第四章 文本概括¶
一、引言¶
当今世界上文本信息浩如烟海,我们很难拥有足够的时间去阅读所有想了解的东西。但欣喜的是,目前LLM在文本概括任务上展现了强大的水准,也已经有不少团队将概括功能实现在多种应用中。
本章节将介绍如何使用编程的方式,调用API接口来实现“文本概括”功能。
首先,我们需要引入 OpenAI 包,加载 API 密钥,定义 getCompletion 函数。
import openai
# 导入第三方库
openai.api_key = "sk-..."
# 设置 API_KEY, 请替换成您自己的 API_KEY
def get_completion(prompt, model="gpt-3.5-turbo"):
messages = [{"role": "user", "content": prompt}]
response = openai.ChatCompletion.create(
model=model,
messages=messages,
temperature=0, # 值越低则输出文本随机性越低
)
return response.choices[0].message["content"]
二、单一文本概括¶
以商品评论的总结任务为例:对于电商平台来说,网站上往往存在着海量的商品评论,这些评论反映了所有客户的想法。
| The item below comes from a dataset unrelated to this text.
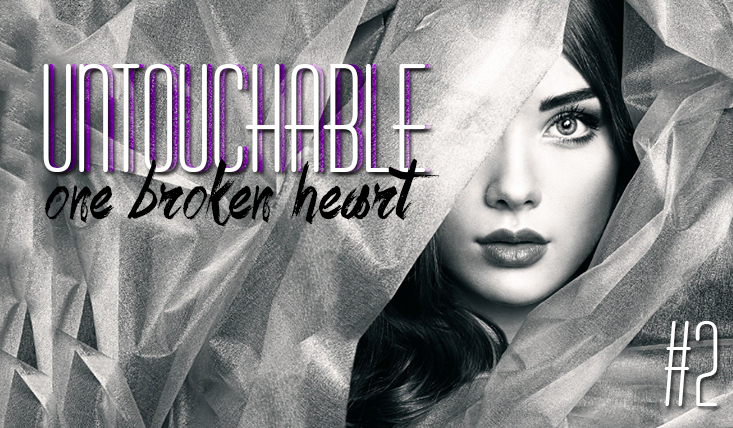 Untouchable #2 – Continued… One broken heart.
如果我们拥有一个工具去概括这些海量、冗长的评论,便能够快速地浏览更多评论,洞悉客户的偏好,从而指导平台与商家提供更优质的服务。
输入文本
prod_review = """
Got this panda plush toy for my daughter's birthday, \
who loves it and takes it everywhere. It's soft and \
super cute, and its face has a friendly look. It's \
a bit small for what I paid though. I think there \
might be other options that are bigger for the \
same price. It arrived a day earlier than expected, \
so I got to play with it myself before I gave it \
to her.
"""
输入文本(中文翻译)
prod_review_zh = """
这个熊猫公仔是我给女儿的生日礼物,她很喜欢,去哪都带着。
公仔很软,超级可爱,面部表情也很和善。但是相比于价钱来说,
它有点小,我感觉在别的地方用同样的价钱能买到更大的。
快递比预期提前了一天到货,所以在送给女儿之前,我自己玩了会。
"""
2.1 限制输出文本长度¶
我们尝试限制文本长度为最多30词。
prompt = f"""
Your task is to generate a short summary of a product \
review from an ecommerce site.
Summarize the review below, delimited by triple
backticks, in at most 30 words.
Review: ```{prod_review}```
"""
response = get_completion(prompt)
print(response)
Soft and cute panda plush toy loved by daughter, but a bit small for the price. Arrived early.
中文翻译版本
prompt = f"""
您的任务是从电子商务网站上生成一个产品评论的简短摘要。
请对三个反引号之间的评论文本进行概括,最多30个词汇。
评论: ```{prod_review_zh}```
"""
response = get_completion(prompt)
print(response)
可爱软熊猫公仔,女儿喜欢,面部表情和善,但价钱有点小贵,快递提前一天到货。
2.2 设置关键角度侧重¶
有时,针对不同的业务,我们对文本的侧重会有所不同。例如对于商品评论文本,物流会更关心运输时效,商家更加关心价格与商品质量,平台更关心整体服务体验。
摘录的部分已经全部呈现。